Wakil Pemimpin Umum Kompas Budiman Tanuredjo saat peluncuran dan diskusi buku Ahmad Syafii Maarif mengatakan, sehari setelah Buya Syafii wafat, halaman depan Kompas berlatar belakang hitam dan menampilkan tulisan tentang Buya berjudul Nyala Abadi Suluh Bangsa. Hal itu menggambarkan pikiran Buya Syafii selalu relevan dengan zaman.

 

”Di hari yang sama, saya menulis di kolom catatan politik dan hukum berjudul ”Muazin” Bangsa yang Selalu Gelisah. Saya menangkap Buya selalu gelisah dengan kondisi negara ini, apakah itu soal keberagaman, korupsi yang terus merajalela, dan keadilan sosial yang terus menganga di republik,” tuturnya.

 

Menurut Budiman, tulisan-tulisan Buya menjadi semacam sistem pengingat dini akan bahaya yang mengancam bangsa. Tulisannya yang mampu menangkap kegelisahan atas kondisi negara ini selalu relevan dengan zaman.

 

Sepeninggal Buya dan ”muazin” bangsa lainnya, seperti Abdurrahman Wahid, Nurcholish Madjid, dan terakhir Azyumardi Azra, menjadi pekerjaan rumah bagi Indonesia untuk melahirkan muazin-muazin bangsa selanjutnya.
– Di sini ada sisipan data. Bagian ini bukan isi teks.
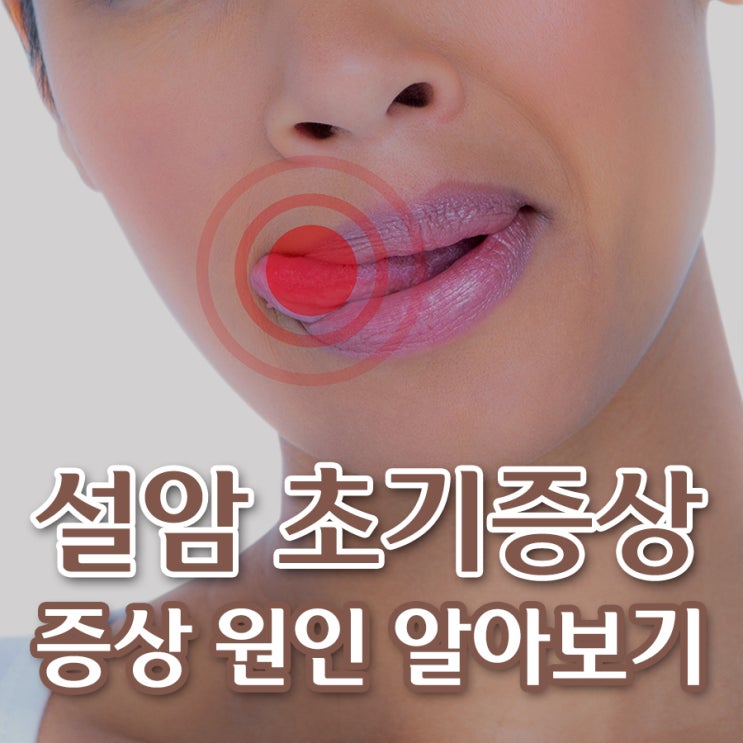 설암초기증상 설암증상 혀암증상 어떤 증상들이 있을까요 : 네이버 블로그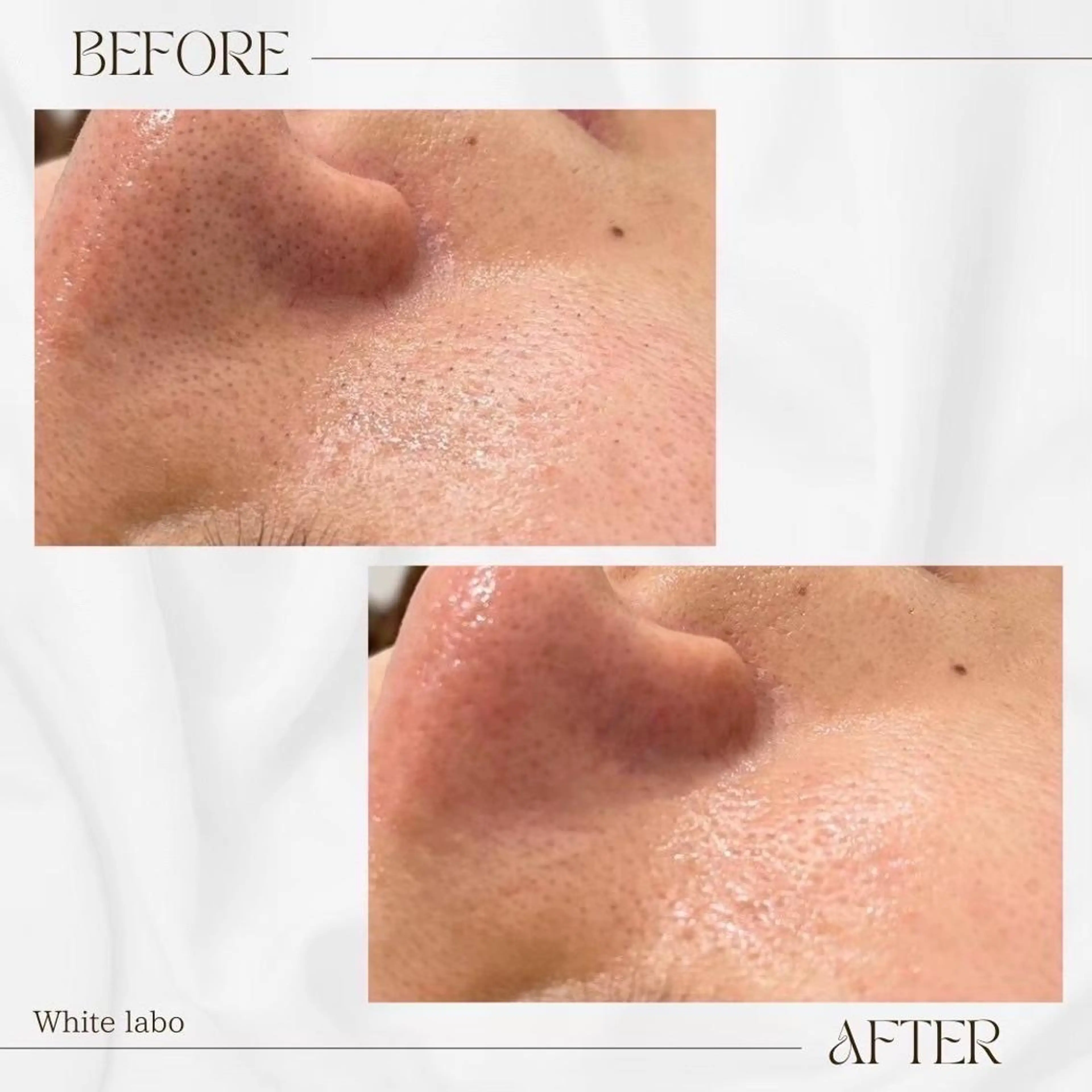 White labo 今村のエステ・リラクイメージ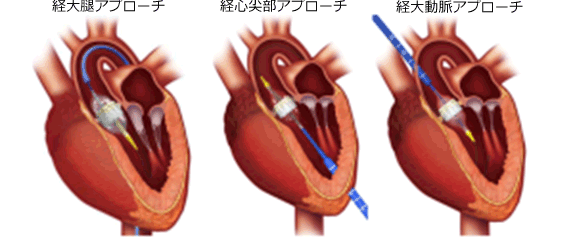 TAVI アプローチの種類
Muazin bangsa yang bisa menjadi jangkar antara masyarakat sipil dan partai politik.

 

Pengajar di Universitas Paramadina, Putut Widjanarko, mengatakan, Buya Syafii sangat mudah dan haus dengan hal-hal baru. Kata-katanya sangat lugas dan menggambarkan kegeraman yang luar biasa terhadap kondisi negeri ini.

 

Ia mencontohkan, beberapa kalimat Buya Syafii di antaranya "Politisi bermental lele, tuna moral"; "Saya akan memimpin sendiri pemberantasan korupsi adalah sebuah dusta yang disengaja"; "Inilah sebuah negeri yang dikatakan beragama tetapi kelakuan warganya alangkah busuknya"; serta "Mungkin Indonesia akan bubar jika rahim nusantara gagal melahirkan para negarawan dengan wawasan yang jauh menembus ke depan karena yang berkeliaran adalah politisi rabun ayam plus pengusaha tuna moral".

 

Selain itu, ada kalimat "Indonesia terlalu mulai dijadikan ajang pertarungan politik tuna adat dengan membenamkan Pancasila ke bawah debu sejarah, namun jika yang tampil adalah mereka yang miskin visi dan tuna moral, kondisi Indnesia yang sudah lama berkubang dalam dosa dan dusta akan kian rontok, tuna martabat, dan sunyi dari keadilan".

 

"Buya adalah seorang intelektual organik karena terlibat dalam upaya-upaya yang serius untuk mentransformasi kita semua, dan tugas terberat Maarif Institute untuk menyebarkan ini," tutur Putut.

 

Oleh karena itu, sudah semestinya pemikiran-pemikiran Buya disebarluaskan, terutama kepada generasi muda, sebagai ikhtiar untuk melahirkan Buya Syafii baru.